● **Crawled caption data**
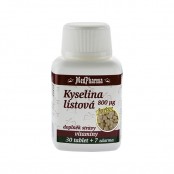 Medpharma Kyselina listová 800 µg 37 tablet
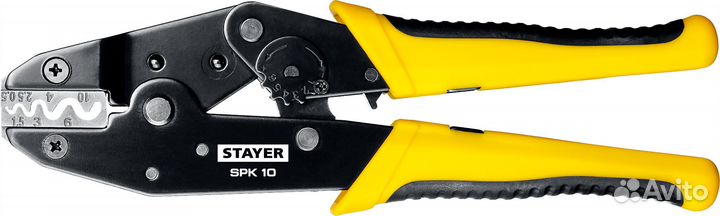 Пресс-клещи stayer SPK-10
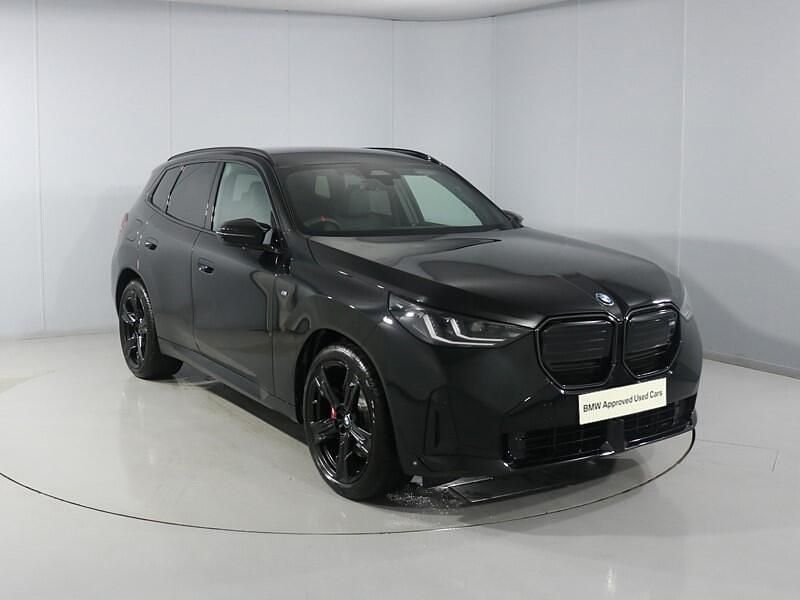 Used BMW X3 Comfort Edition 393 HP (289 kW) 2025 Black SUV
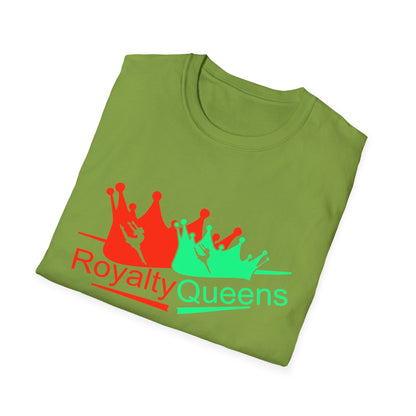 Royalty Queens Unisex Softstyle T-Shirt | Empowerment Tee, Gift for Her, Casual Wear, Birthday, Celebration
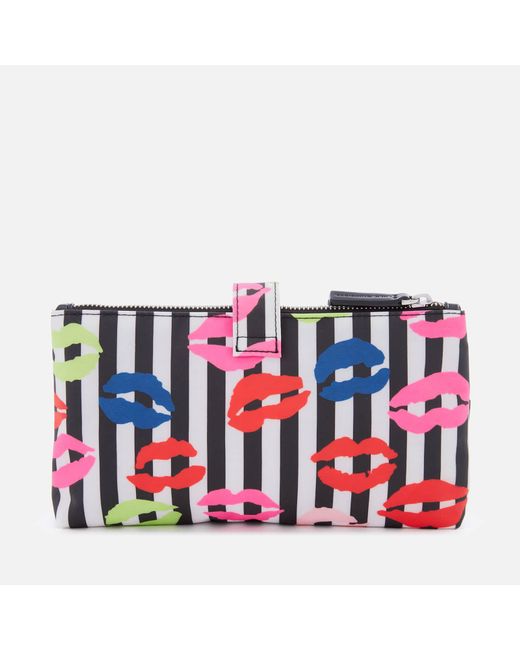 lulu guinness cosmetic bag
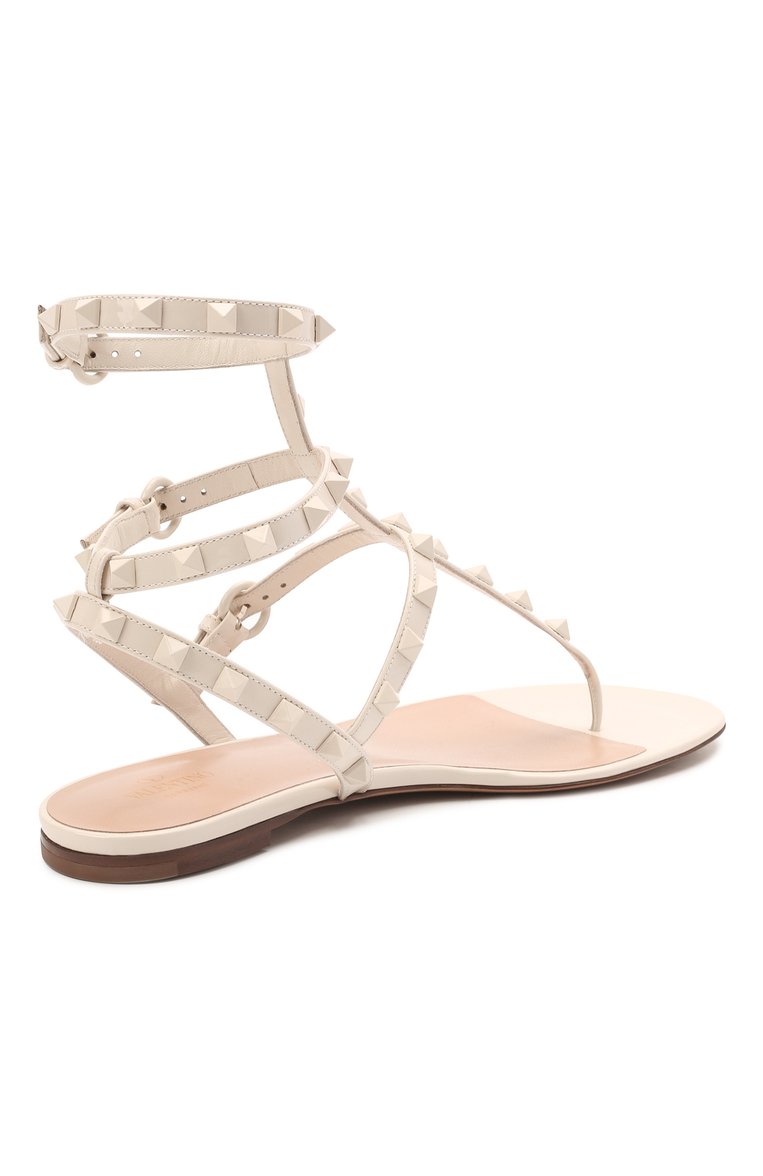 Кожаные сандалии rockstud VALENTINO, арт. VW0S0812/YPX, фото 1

● **TASK OBJECTIVE**
Your answer should be the lines from the opening of the records through the line with "lulu guinness cosmetic bag", both ends retyped exactly and pictures left out.

● **ANSWER TO THE EXERCISE**
 Medpharma Kyselina listová 800 µg 37 tablet
 Пресс-клещи stayer SPK-10
 Used BMW X3 Comfort Edition 393 HP (289 kW) 2025 Black SUV
 Royalty Queens Unisex Softstyle T-Shirt | Empowerment Tee, Gift for Her, Casual Wear, Birthday, Celebration
 lulu guinness cosmetic bag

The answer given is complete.